- The paper introduces a two-phase methodology where the progress phase learns new tasks with feature reuse and the compress phase consolidates knowledge via online EWC.
- The paper demonstrates reduced catastrophic forgetting and improved performance over standard fine-tuning in experiments on Omniglot, Atari, and 3D maze navigation.
- The paper shows that maintaining a fixed parameter count enhances scalability and promotes efficient forward transfer across sequential learning tasks.
Progress & Compress: A Scalable Framework for Continual Learning
The paper "Progress & Compress: A scalable framework for continual learning" by Jonathan Schwarz et al. addresses a critical issue in machine learning, particularly in domains where tasks are learned sequentially. Continual learning, defined as the ability to learn new tasks without forgetting previous knowledge, presents unique challenges in both supervised and reinforcement learning (RL) contexts. The proposed framework, dubbed Progress & Compress (P&C), offers a novel solution to these challenges through an architecture that maintains a constant number of parameters and avoids catastrophic forgetting while facilitating positive transfer.
Methodology
The core structure of P&C consists of two neural components: a knowledge base and an active column. The knowledge base retains previously learned knowledge, and the active column is dedicated to learning new tasks. The framework operates in two distinct phases:
- Progress Phase: In this phase, the active column learns new tasks by adapting its parameters. The knowledge base facilitates this learning through layerwise connections that allow feature reuse, similar to Progressive Networks. This connection encourages positive transfer but introduces no architectural growth.

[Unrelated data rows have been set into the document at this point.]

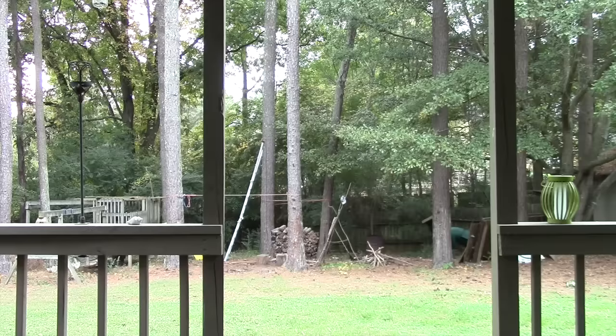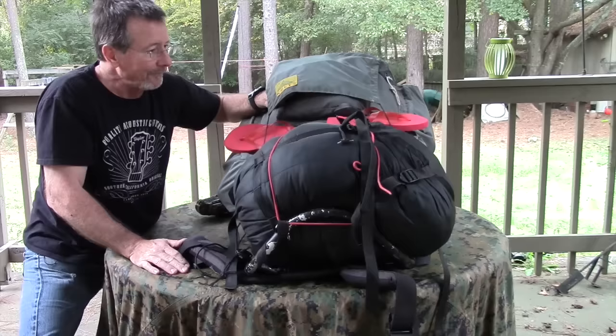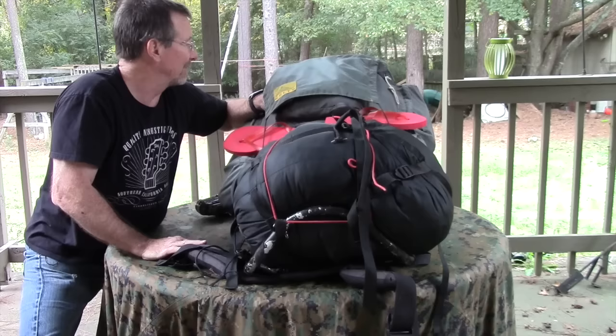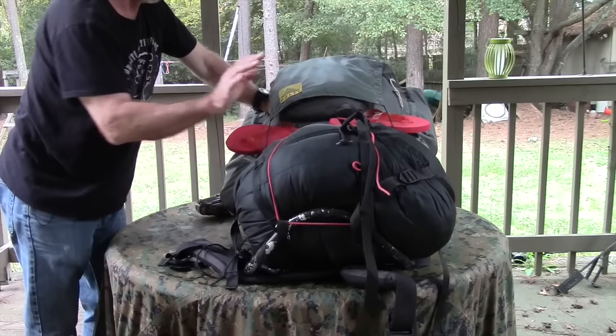First, I'll show you how much this thing weighs — it's 40 pounds. This is an old Kelty external frame backpack, very old school. I bought it used when my oldest son was in Scouts; I think I paid about $18 for it and that was at least 15 years ago, and it's still going strong. This thing is bulletproof — I can't tear it up. So that's a little plug for Kelty.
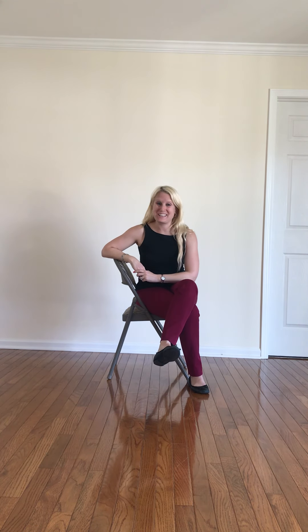Hey folks, it's Mandy. I am here with another Do It At Your Desk Wednesday. We're going to do another chair yoga flow today. I'm actually going to be turning myself sideways to a profile so that you can see today's flow.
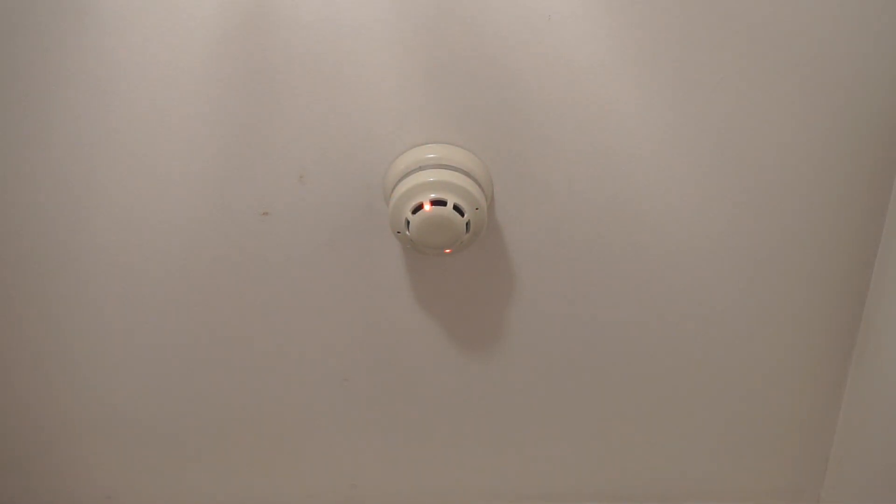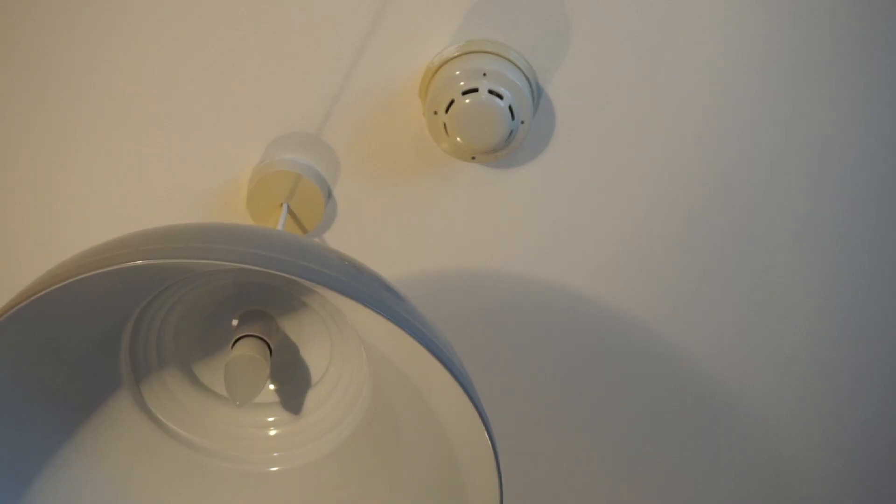There it goes. Alright, so that's that sensor. We're going to do one of the ones in the bedrooms now. So I'm going to do this one — this one has a little bit of paint on the base. I do need to get that off, I haven't done it yet.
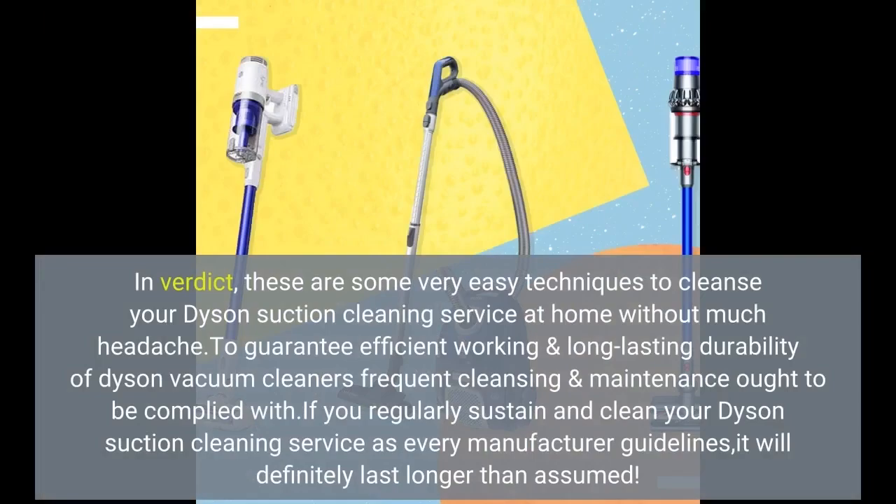In conclusion, these are some easy techniques to clean your Dyson vacuum cleaner at home without much hassle. To ensure efficient working and long-lasting durability, regular cleaning and maintenance of your Dyson vacuum cleaner should be followed. If you regularly maintain and clean your Dyson, it will continue to perform at its best.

- Compress Phase: Here, the information learned by the active column is distilled into the knowledge base, ensuring that previous knowledge is preserved. This is achieved through a modified Elastic Weight Consolidation (EWC) approach. EWC mitigates forgetting by constraining the parameters to prevent excessive deviation from previously learned tasks. Unlike traditional EWC, which is not scalable due to its linear growth in regularization terms, the P&C framework employs an "online EWC" that addresses scalability issues by maintaining a constant computational cost.
Experimental Validation
The authors validate P&C across multiple domains:
- Omniglot: Used to assess continual learning in a sequential classification task across 50 handwritten alphabets. Each alphabet is treated as a distinct task. The results indicate that P&C successfully preserves performance on previously learned alphabets, showing a comparable improvement over naive fine-tuning methods and other regularization approaches like basic EWC and Learning Without Forgetting (LwF).
- Atari Games: A benchmark inside RL involving the sequential learning of six games ("Space Invaders," "Krull," "Beamrider," "Hero," "Stargunner," and "Ms. Pac-man"). The results demonstrate P&C's ability to maintain high performance across tasks, effectively mitigating negative transfer and catastrophic forgetting.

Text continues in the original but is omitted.